Governo tem indicação dos investidores institucionais interessados nos CTT

Governo tem indicação dos investidores institucionais interessados nos CTT

 

Lusa/AO Online   Economia   18 de Nov de 2013, 18:50

O Governo tem a indicação dos investidores institucionais que estarão interessados na compra dos CTT e está "muito confiante no sucesso da operação" de privatização, disse hoje o secretário de Estado das Infraestruturas, Transportes e Comunicações.

Sérgio Monteiro, que falava aos jornalistas no Ministério da Economia, em Lisboa, afirmou, em resposta aos jornalistas, ter a indicação dos investidores institucionais que poderão estar interessados na operação.

“Os bancos que nos assessoram nesta transação tiveram mais de 300 reuniões durante os últimos dias, não quer dizer que haja 300 investidores, porque houve investidores que foram visitados mais do que uma vez, mas (…) ao haver mais do que uma visita às vezes a algum investidor, quisemos ter duas, três vezes a confirmação do interesse”, disse o secretário de Estado.

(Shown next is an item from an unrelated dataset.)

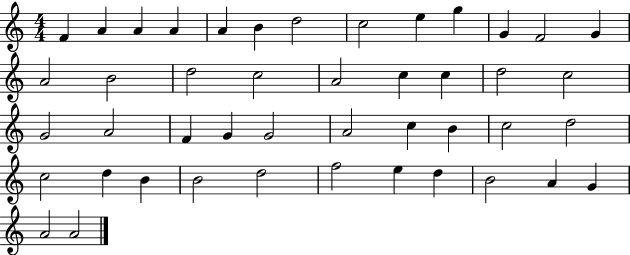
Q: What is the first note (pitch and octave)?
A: F4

Por isso, acrescentou, “estamos muito seguros relativamente à informação que temos, à recomendação que foi feita pelos assessores e à avaliação que fizemos de toda a informação disponível”.

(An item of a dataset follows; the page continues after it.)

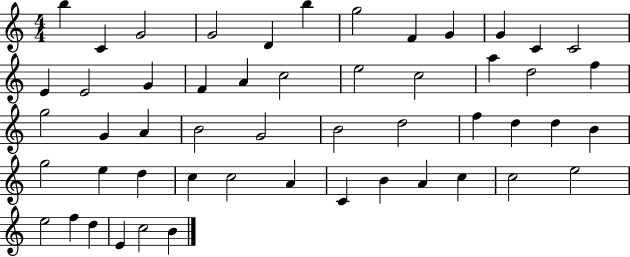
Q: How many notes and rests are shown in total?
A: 52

“Estamos muito confiantes no sucesso desta operação e no sinal que passamos de vitalidade do mercado de capitais”, sublinhou o secretário de Estado.

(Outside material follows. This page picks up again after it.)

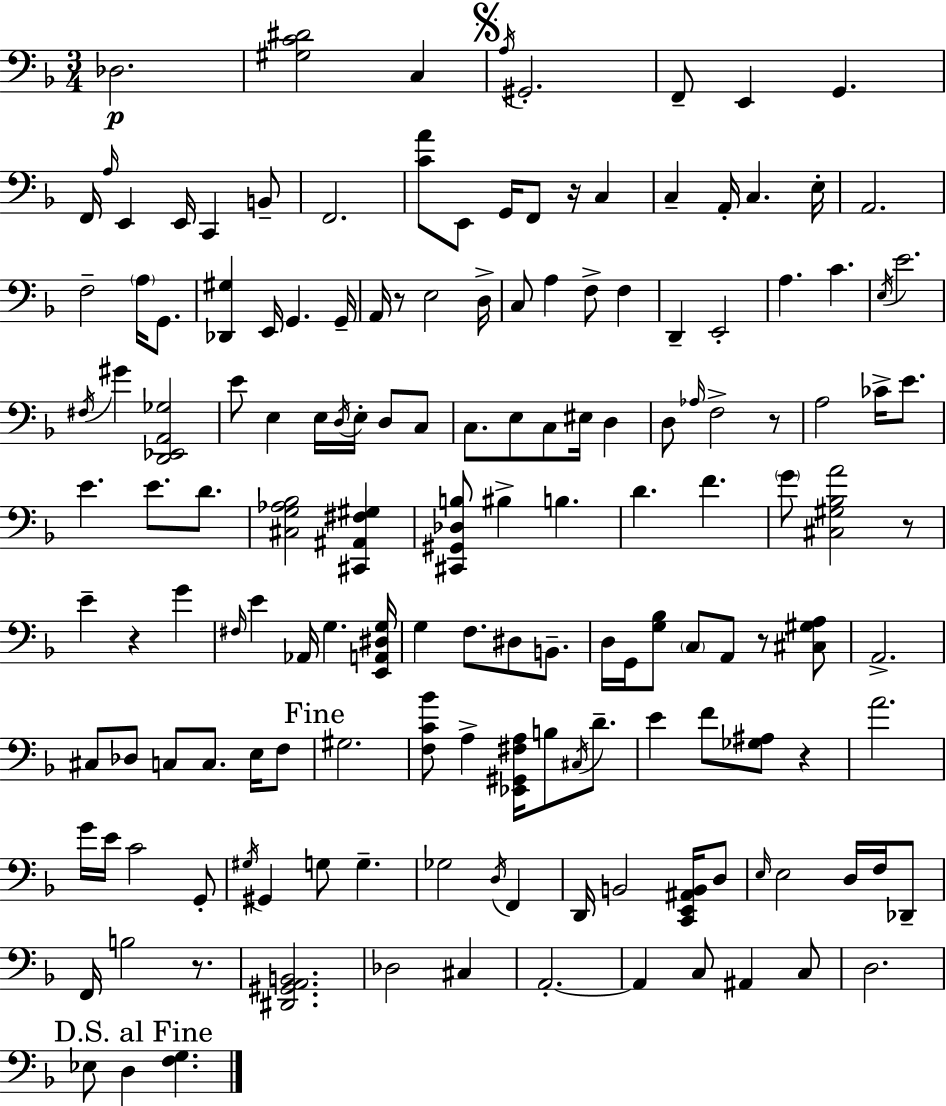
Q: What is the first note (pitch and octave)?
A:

O Governo anunciou hoje que as ações dos CTT – Correios de Portugal que serão vendidas em bolsa no âmbito da privatização terão um preço que oscilará entre os 4,10 euros e os 5,52 euros.

A Parpública venderá “até 105 milhões de ações, representativas de 70% do capital social dos CTT”, sendo 21 milhões através de oferta pública de venda (OPV) e o restante através de venda direta institucional (84 milhões de ações).

Do total reservado à OPV, um lote de 5,25 milhões de ações será para os trabalhadores dos Correios e 15,75 milhões de ações para o público em geral.

Sérgio Monteiro explicou que "se, por acaso, não houver interesse do lado de trabalhadores ou de pequenos subscritores na subscrição", essa percentagem pode ser transferida para os investidores institucionais.

Segundo o governante, para 100% do capital, o intervalo de valores do preço das ações fixado hoje avalia os CTT entre os 615 milhões de euros e os 828 milhões de euros. Se o Estado vender 70%, encaixa entre 430 e 578 milhões de euros, ficando ainda com 30% da empresa.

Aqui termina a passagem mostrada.